After announcing that iPhone revenue was down 15 percent year-over-year in Q1 2019, Tim Cook was asked during Apple’s earnings call about iPhone pricing. Analyst Steve Milunovich asked Cook whether Apple might have pushed the “envelope a little bit too far” and might have to bring prices back down in the future.
First, Cook explained Apple’s pricing strategy with the iPhone XS, iPhone XS Max, and iPhone XR. He said that the idea was to price the iPhone XS at the same price as the iPhone X, with the iPhone XS Max priced just above that and the iPhone XR priced in between the iPhone 8 and iPhone 8 Plus.
In the U.S., Cook said this actually led to “pretty small difference” compared to 2017:
We priced the iPhone XS in the U.S. the same as we’d priced the iPhone X a year ago. The iPhone XS Max, which was new, was a hundred dollars more than the XS, and then we priced the XR right in the middle of where the entry iPhone 8 and entry iPhone 8 Plus had been priced. So it’s actually a pretty small difference in the United States compared to last year.
Internationally, however, Cook explained that foreign exchange issues amplified the difference in certain markets. This is what led Apple to change its internationally pricing strategy, as it announced earlier today:
However, the foreign exchange issue that Luca spoke of in the call amplified that difference in international markets, in particular the emerging markets, which tended to move much more significantly versus the dollar. And so what we have done in January in some locations and some products is essentially absorb part or all of the foreign currency move as compared to last year and therefore get close or perhaps right on the local price from a year ago.

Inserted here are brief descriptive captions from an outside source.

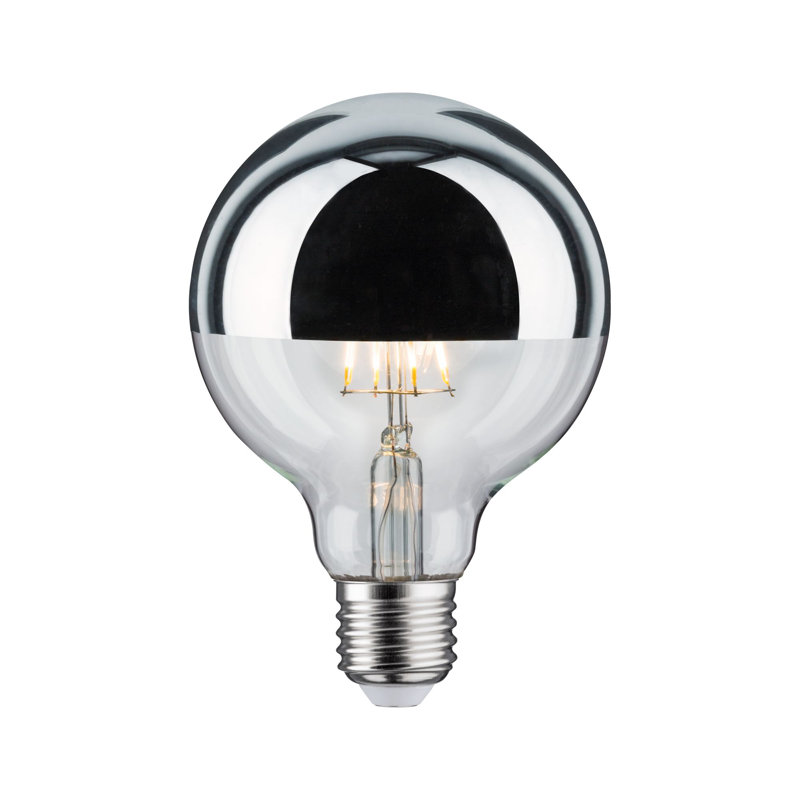 6.5W E27 Dimmable LED Globe Light Bulb Silver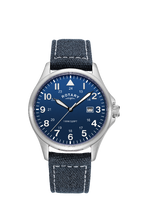 Rotary Mens Pilot Watch with Blue Dial GS00473/52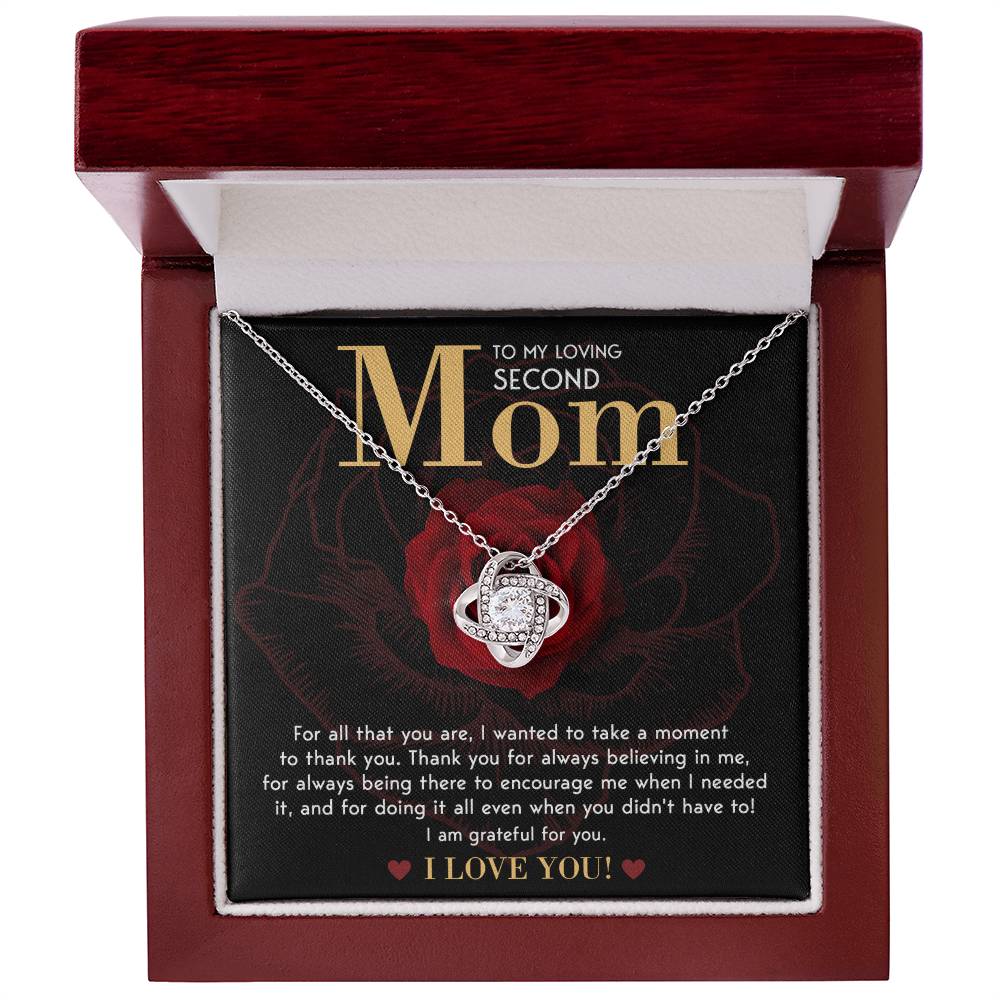 Necklace Gift For Second Mom - Grateful For You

Also a factor, however, is the death of subsidized iPhones in many developed markets according to Cook:
If you’re a customer that your last purchase was a 6S or a 6 or in some cases even a 7, you may have paid 199 dollars for it, and now the unbundled world it’s obviously much more than that.
Ultimately, Cook noted that he does think “price is a factor” in what caused iPhone revenue and upgrades to be lower in Q1 2019 than initially anticipated. Going forward, he reiterated that Apple is emphasizing trade-ins and installment payments to revitalize iPhone sales:
So yes, I do think the price is a factor. And so we are working through those and we’ve got a number of actions to address that, including the trade-in and the installment payments, which I had mentioned as well.